It's been nearly 3 weeks since Spartathlon and I think I am still in a sort of elated form of shock. It's the same format every year, but the race never fails to surprise, and it feels the same same but oh so different each time. This was to be my fourth attempt, with 2 previous finishes and one extremely painful DNF. An important one then, would it be an extra time winner to make it 3-1 to Strachan? Or a horrifying away goal from Sparta to equalise at 2-2? I desperately wanted to join the likes of legends Paul Ali and James Adams on a 3-1 scoreline, but maybe I should not have re-read Mr Adams' blog about his single DNF!

Now I'm Ready to Start

Yep, been here before. Acropolis at 7am on the last Friday of September. It's our wedding anniversary, i'm sorry Rosie!! Been training pretty good, mood is high in the British camp. It's been a great day and a half greeting old friends and making new ones. But it's always just a little bit different each time here at the start line. I feel reasonably relaxed, but whether that's a good thing or not I just don't know. Do i have the same utmost determination to finish I had in '17 and '18, where absolutely nothing was going to get in my way (Zorba!!!)? Or am I taking it all a little bit for granted. Complacency at this race could easily be the single biggest error I could make. But also you can't just muster up something other than what you're feeling at the time. I tell myself i'll deal with whatever comes up, that a bit of experience will see me through. How close that was to get I currently have no clue. Wonderful vibes with Jeff, Jane, AJ, Amanda, Davie Boy and Jim Lad and all the BST at the start. We do the Jimmy huddle, he manages not to head-butt me this time! Let's Get This F***ing Done Boys. Photos with the BST banner. I stand at the back of the field, give my customary Good Luck to Bala from Hungary (I think now 8 attempts and so far no finishes, but one day I know it is going to happen and I want to be there to see it my friend. You are a warrior.) , a mighty roar of "Spartaaaa" and we are off.

The Kids are Alright

Early miles, just tick along, but the theme is set. I am slow. Why, I do not know, maybe I should have worn a watch. I'd decided to try to not let individual check point times get in my head, but as a result I was just a bit off the pace. Lots of leap-froggy dove-tailing back and forth with wonderful people. Mr Jason Skirrow, one of our coaching clients, provides great company for many of the early miles. Also Dominic Osman-Allu, who has had a very tough year with injury and is glad to be here. I feel obliged to try to impart words of wisdom, and as ever feel like a total twat. What do I know, if it feels this different for me how can I expect to advise anyone else? The big hill out of Athens comes and goes, as does a drop bag with some sugary stuff at CP4, and before too long we are getting the most wonderful boost from the high fiving kids of Elefsina. Sometimes I despair of the world, but honestly if we just gave it all to the kids right now they'd probably fix it within 10 years.

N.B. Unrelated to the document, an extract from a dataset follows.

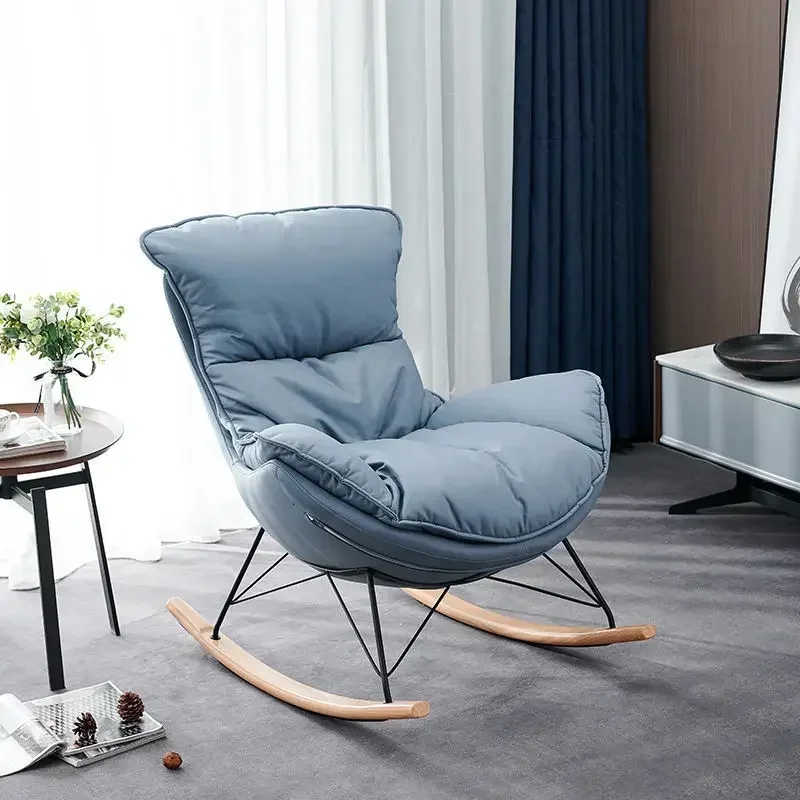 Nordic style rocking chair technology cloth sled lounge chair living room lazy person single sofa snail chair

Engineering the Can Factory

Day One temps were not really all that high, but damn it still felt pretty hot. Every single checkpoint dunking arm sleeves and getting ice down them where I could. I run with Anne and Anto for a wee while. The big man has to stop to take care of business, and Anne and I continue on for a bit before separating at a checkpoint. Anne is such a strong runner, so determined, I know I won't be ahead for long. Up we go to Megara, this time the crew checkpoint is one further than usual, CP12. I'm utterly delighted to see my gang, I honestly think they have no idea how much of a boost they give me..... they are ON IT and I'm in there being cooled down, fed and watered like someone who deserves it. 4:18 for the opening marathon. Slow slow but ok, we're in the game and i'll take it.

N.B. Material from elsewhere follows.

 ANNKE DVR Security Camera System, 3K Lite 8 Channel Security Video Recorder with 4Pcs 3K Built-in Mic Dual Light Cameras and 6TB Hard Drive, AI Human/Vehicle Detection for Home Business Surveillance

The beautiful ocean road. I'd never noticed before and it's a Spartathlon cliche to say, but sometimes it really is just a step down onto the sand and then one more into the sea. It looks so bloody tempting. What on earth are we doing, running along this road. Was that Yiannis Kouros buzzing back and forth on a Honda Goldwing giving us encouragement?! He keeps us going anyway. I run a fair bit with Laurence, who's got a lot more Greece experience than me. There are other ultra races in Greece i've got a serious craving for, among them the Dolihos and there is something to do with Ancient Olympia which sounds fantastic. Martin Illott is a calm and encouraging presence along this section, and also the next day closer to Sparta, thank you Martin.

Well it's not great but it'll do, getting up towards Corinth a bit under 9 hours. I'd told plenty of people that "nine is fine" to the Can Factory, so I really shouldn't complain. But part of me is a touch worried. I've never been as slow to here, even when I DNF'ed in 2016. I get the usual huge boost crossing the bridge at the Canal, what a special place it is.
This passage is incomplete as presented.